Please return only the lines between the line with "Used Epiphone Genesis" and the final line of the entries, both included, and exclude pictures.

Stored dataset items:
------

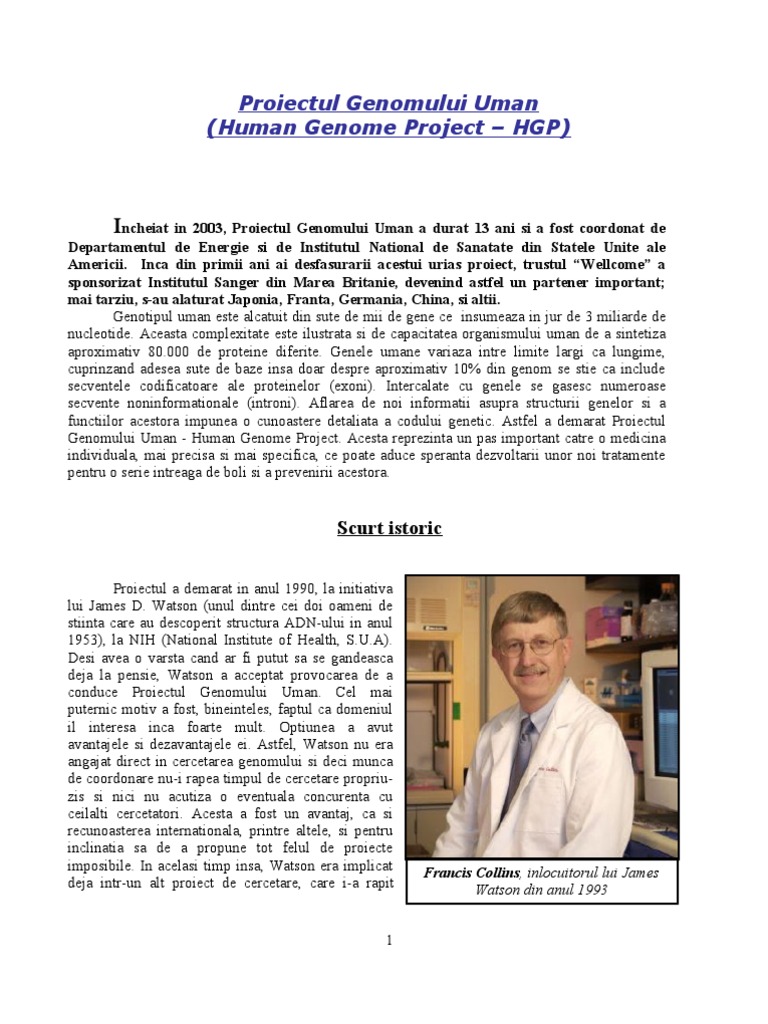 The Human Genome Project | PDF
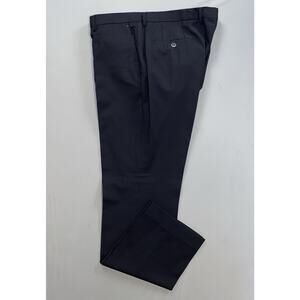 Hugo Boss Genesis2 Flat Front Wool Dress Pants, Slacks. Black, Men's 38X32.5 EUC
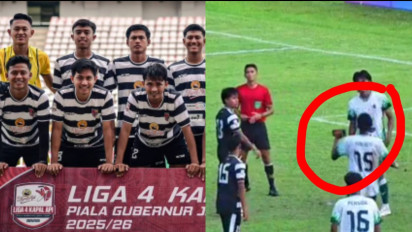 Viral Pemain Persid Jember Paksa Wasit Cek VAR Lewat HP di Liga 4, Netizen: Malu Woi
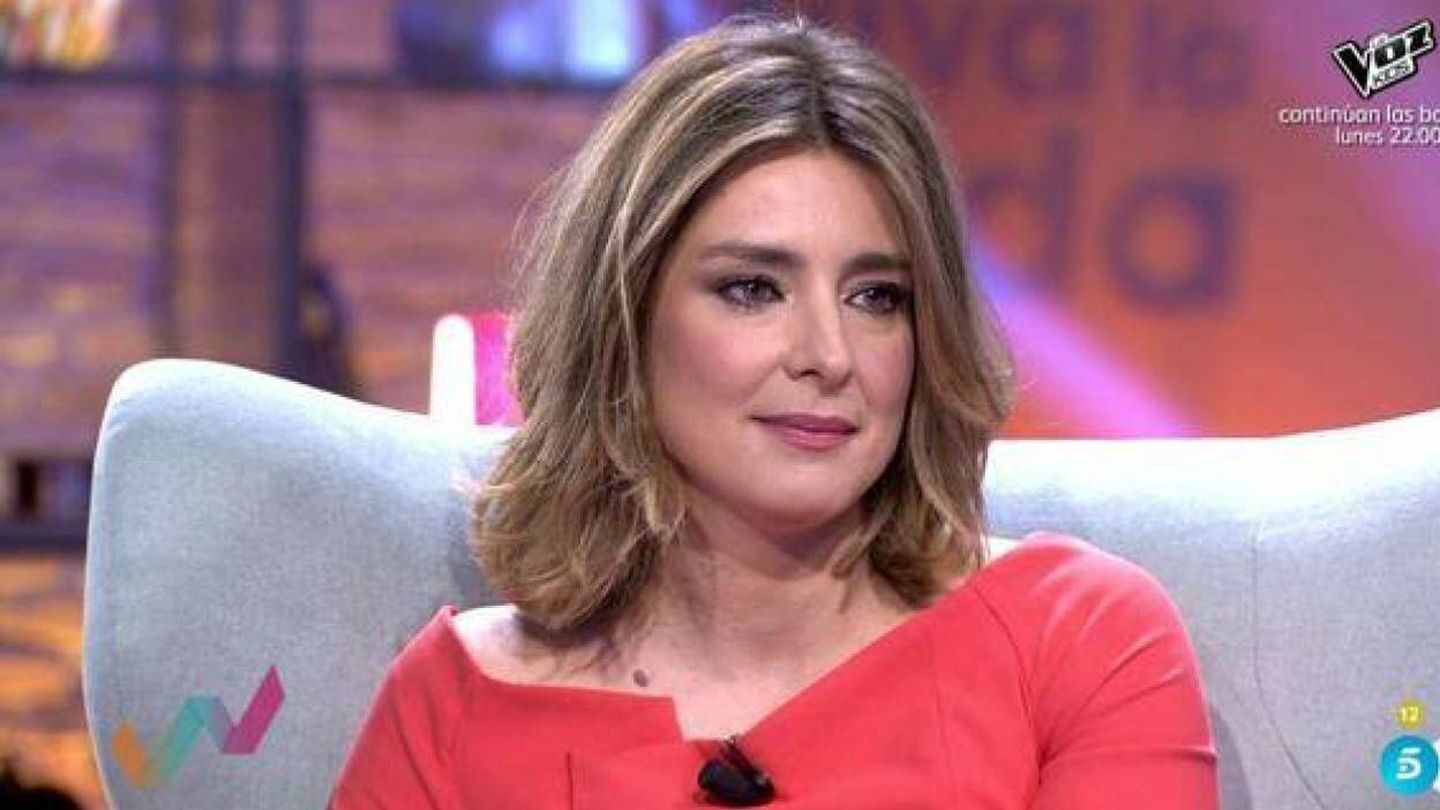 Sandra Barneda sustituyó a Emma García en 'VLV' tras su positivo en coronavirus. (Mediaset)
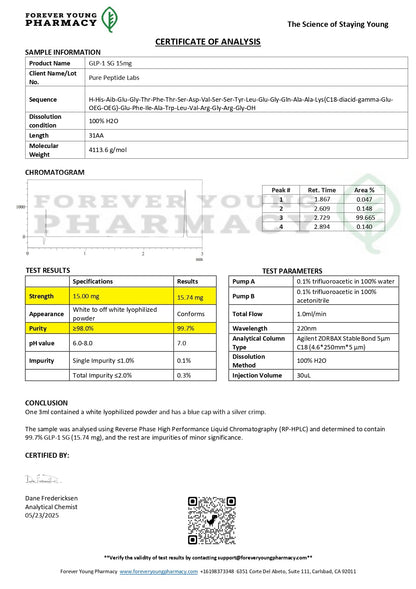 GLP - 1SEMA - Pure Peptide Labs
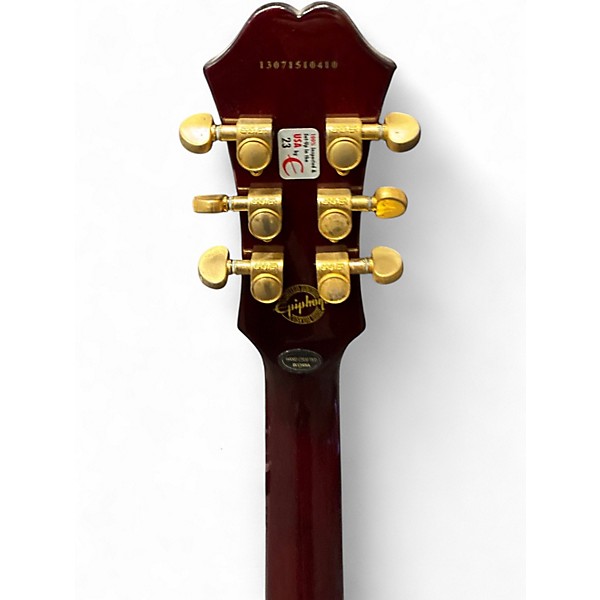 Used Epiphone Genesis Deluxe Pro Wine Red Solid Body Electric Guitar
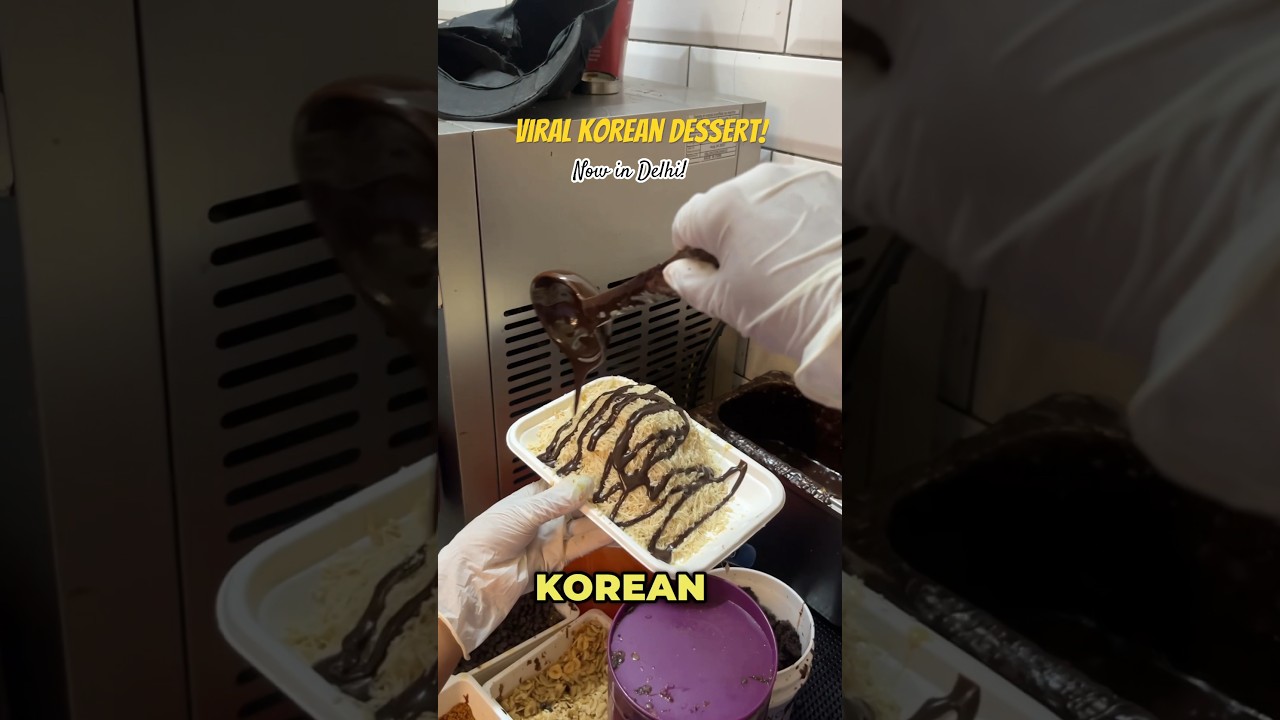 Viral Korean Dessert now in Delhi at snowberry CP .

------

== Answer for this exercise ==
 Used Epiphone Genesis Deluxe Pro Wine Red Solid Body Electric Guitar
 Viral Korean Dessert now in Delhi at snowberry CP .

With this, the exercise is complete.